**Task statement**
Only the lines below from the one containing "2 Dipinti Natura" through the last line should be set down, exactly as written and with no pictures.

=== Section Start ===

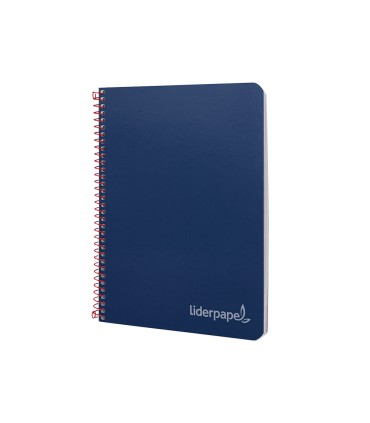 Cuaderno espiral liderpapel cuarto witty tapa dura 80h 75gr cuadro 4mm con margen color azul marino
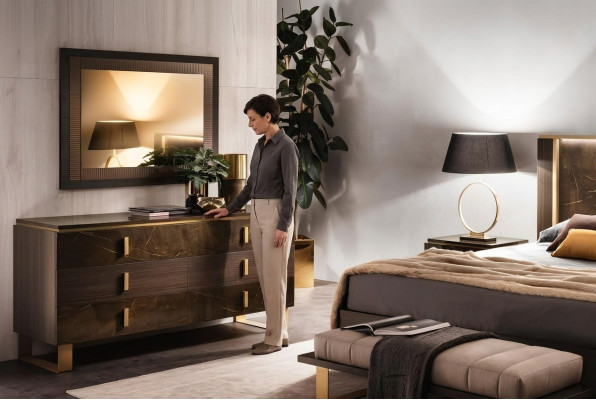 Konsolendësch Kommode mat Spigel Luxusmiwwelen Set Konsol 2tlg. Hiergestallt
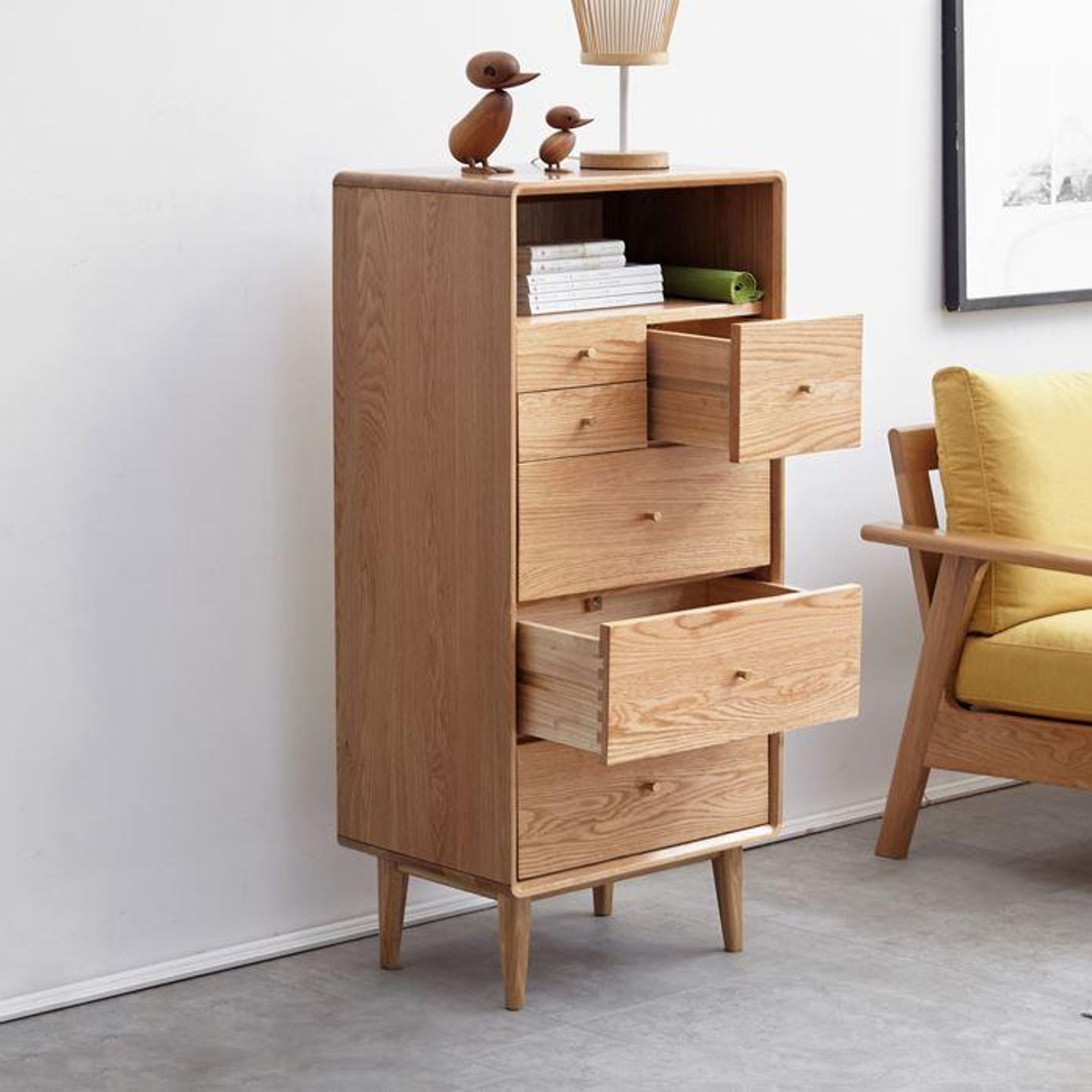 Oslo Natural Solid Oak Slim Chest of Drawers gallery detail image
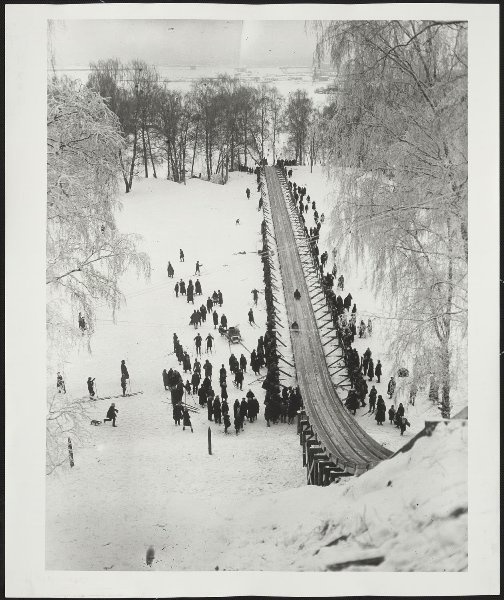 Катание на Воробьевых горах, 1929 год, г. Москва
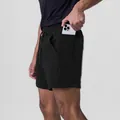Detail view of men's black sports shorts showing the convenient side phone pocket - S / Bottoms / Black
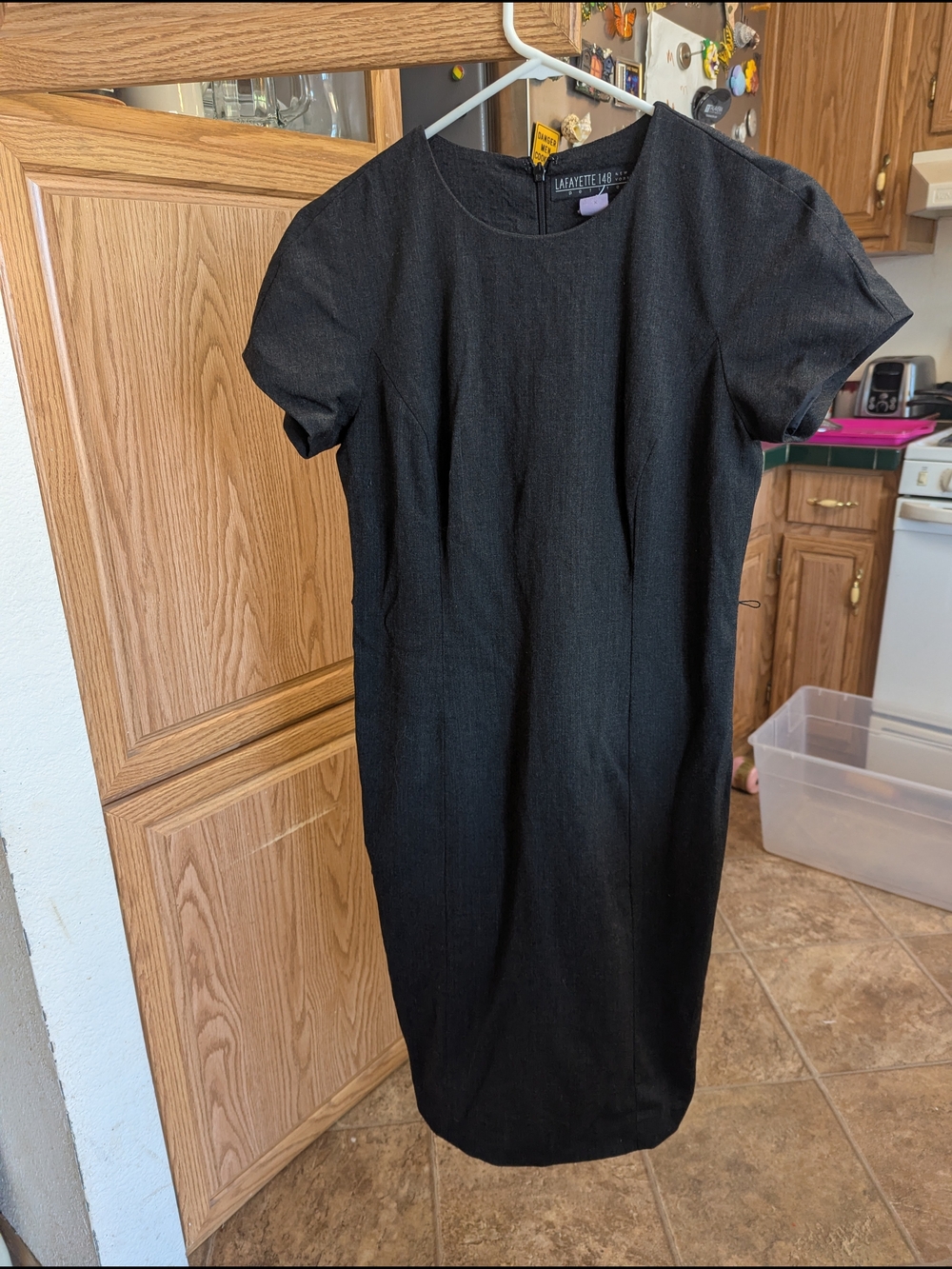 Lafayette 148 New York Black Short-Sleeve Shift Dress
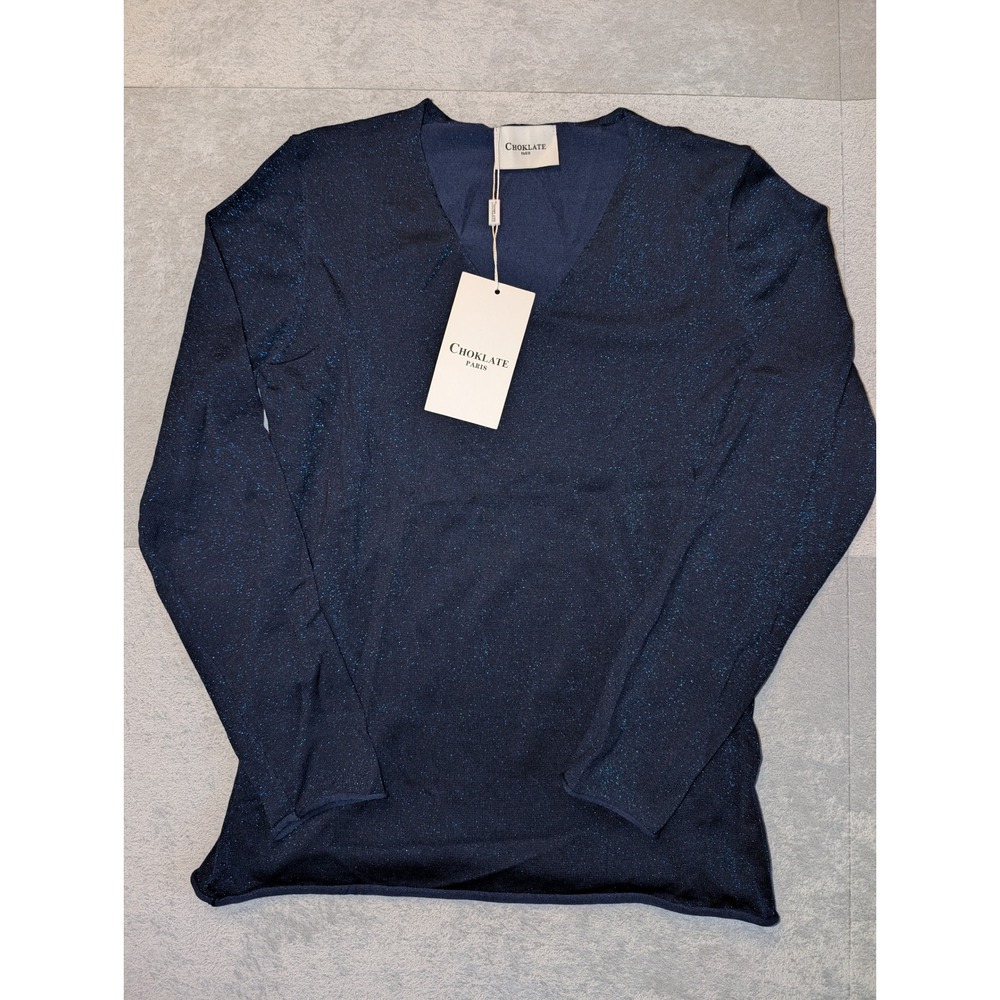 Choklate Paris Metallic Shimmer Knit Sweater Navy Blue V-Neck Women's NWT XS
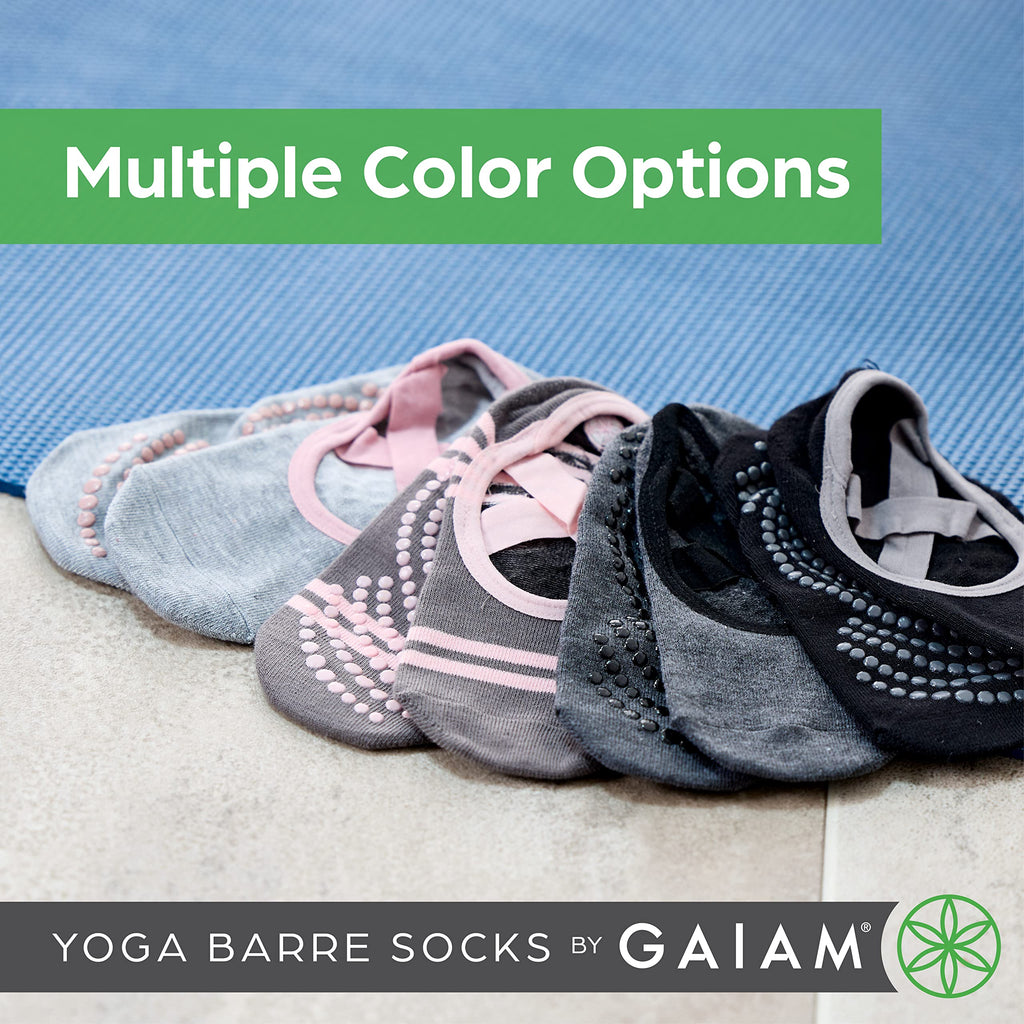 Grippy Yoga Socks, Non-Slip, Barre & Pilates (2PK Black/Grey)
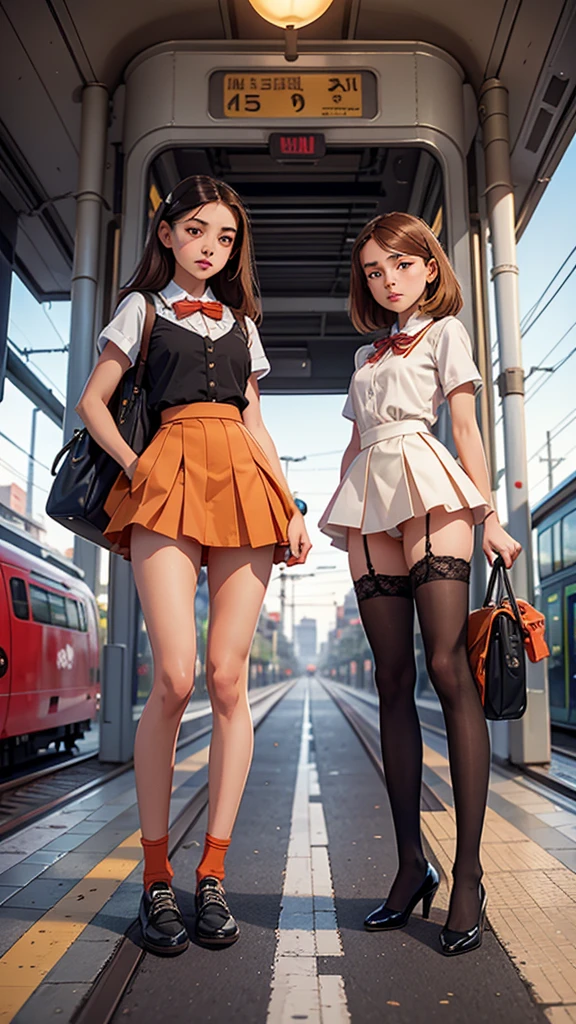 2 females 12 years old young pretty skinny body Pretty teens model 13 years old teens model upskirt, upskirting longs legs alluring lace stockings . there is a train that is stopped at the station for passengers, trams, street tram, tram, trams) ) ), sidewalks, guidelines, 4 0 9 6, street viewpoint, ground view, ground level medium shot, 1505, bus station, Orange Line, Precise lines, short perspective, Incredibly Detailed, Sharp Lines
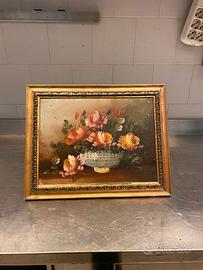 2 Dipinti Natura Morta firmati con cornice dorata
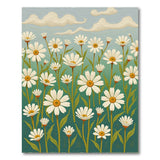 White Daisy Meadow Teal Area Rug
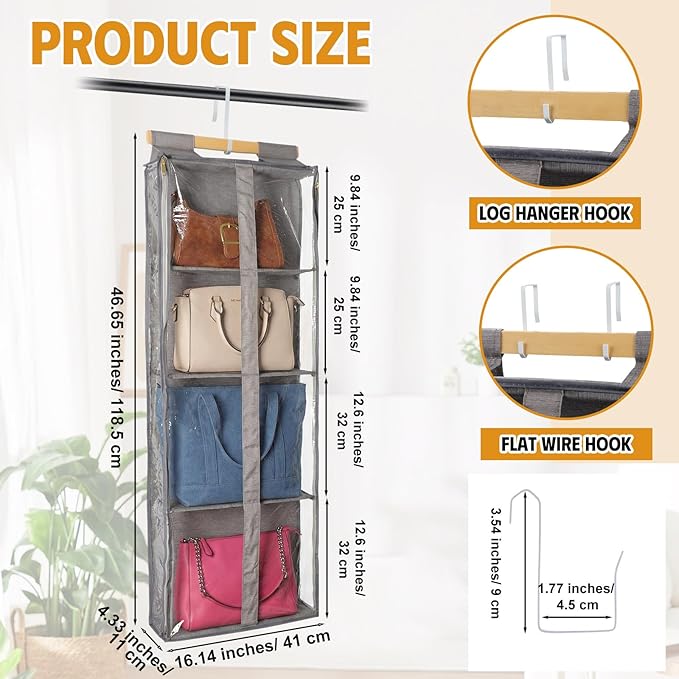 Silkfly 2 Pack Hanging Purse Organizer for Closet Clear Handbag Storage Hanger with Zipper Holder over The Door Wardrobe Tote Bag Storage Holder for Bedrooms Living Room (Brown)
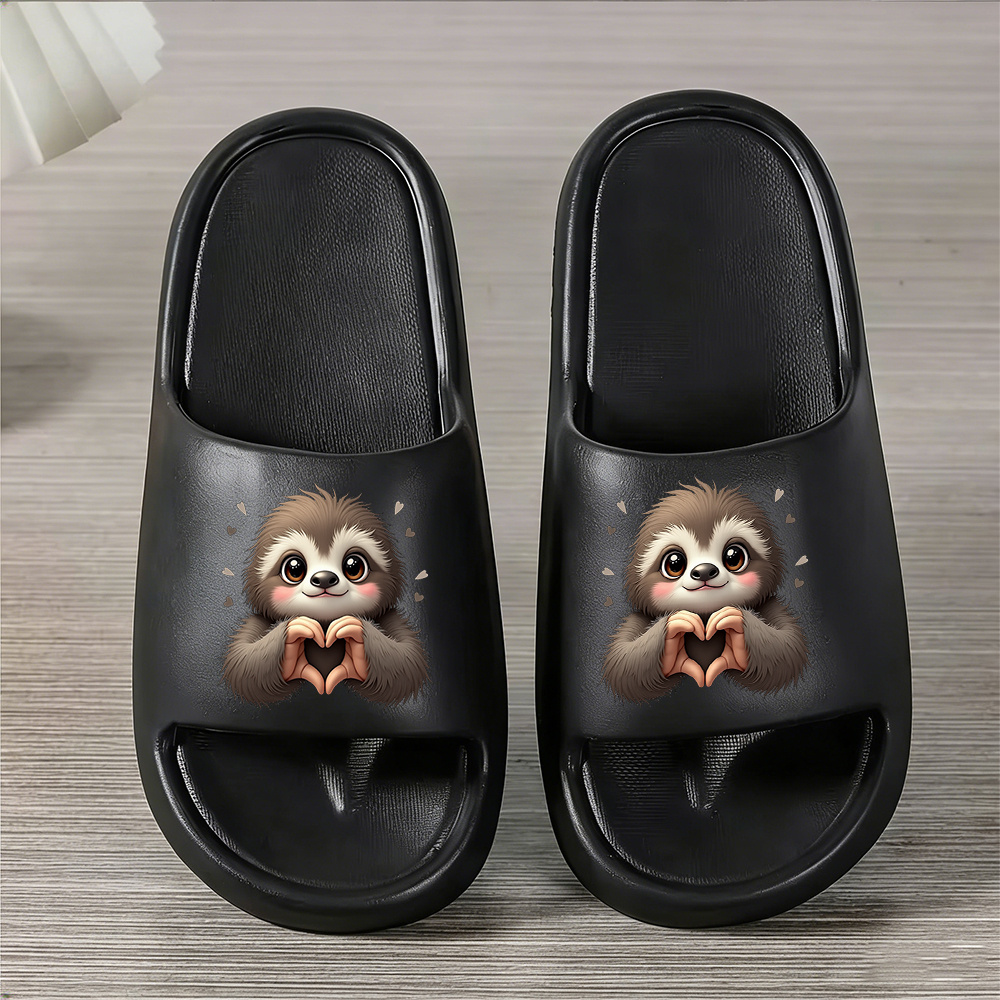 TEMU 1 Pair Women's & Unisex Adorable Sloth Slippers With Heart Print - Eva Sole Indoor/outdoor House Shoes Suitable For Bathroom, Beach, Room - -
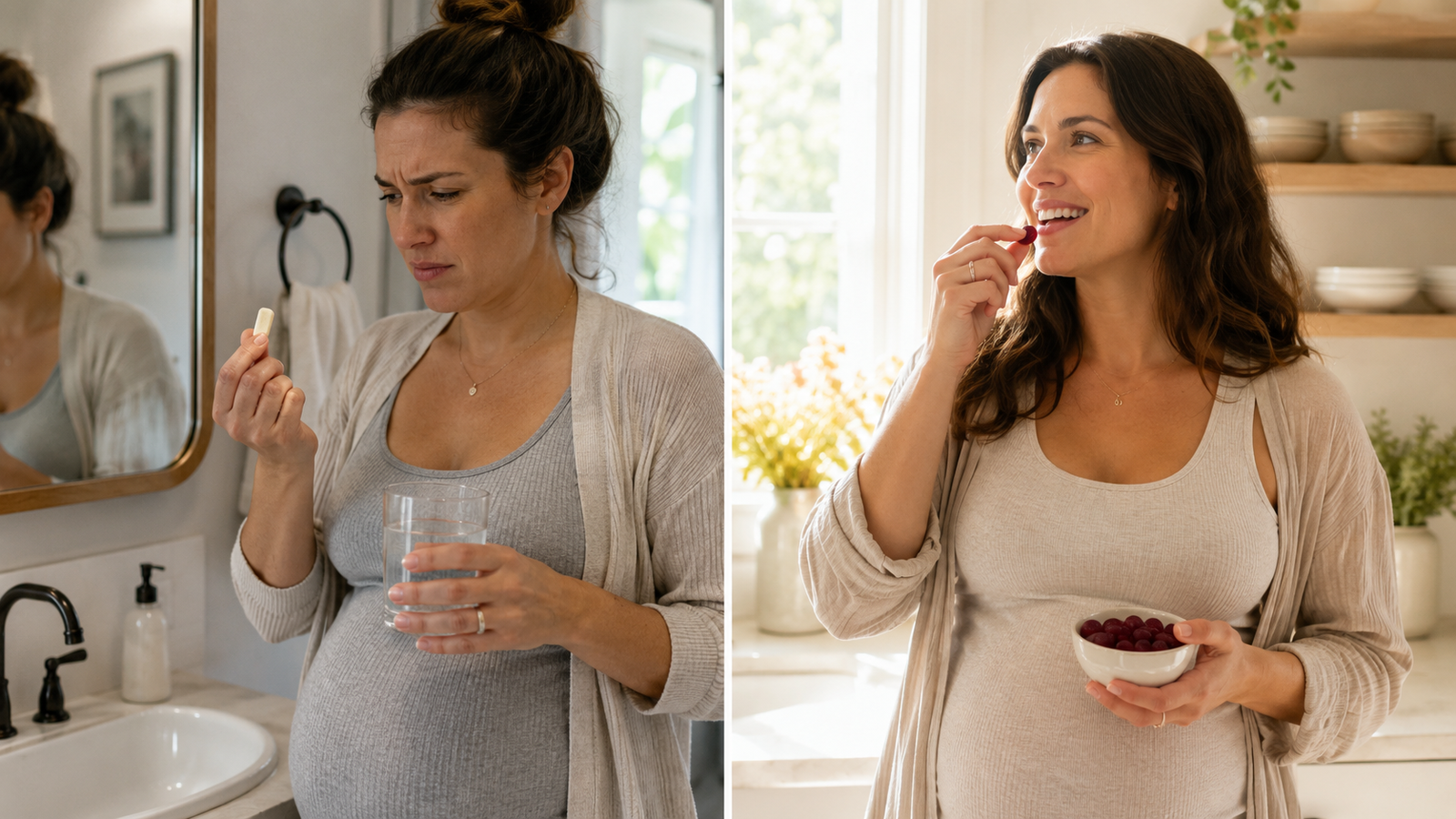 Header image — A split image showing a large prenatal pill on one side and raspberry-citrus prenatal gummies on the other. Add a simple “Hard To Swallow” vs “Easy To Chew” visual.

=== Section End ===

**The completed task**
 2 Dipinti Natura Morta firmati con cornice dorata
 White Daisy Meadow Teal Area Rug
 Silkfly 2 Pack Hanging Purse Organizer for Closet Clear Handbag Storage Hanger with Zipper Holder over The Door Wardrobe Tote Bag Storage Holder for Bedrooms Living Room (Brown)
 TEMU 1 Pair Women's & Unisex Adorable Sloth Slippers With Heart Print - Eva Sole Indoor/outdoor House Shoes Suitable For Bathroom, Beach, Room - -
 Header image — A split image showing a large prenatal pill on one side and raspberry-citrus prenatal gummies on the other. Add a simple “Hard To Swallow” vs “Easy To Chew” visual.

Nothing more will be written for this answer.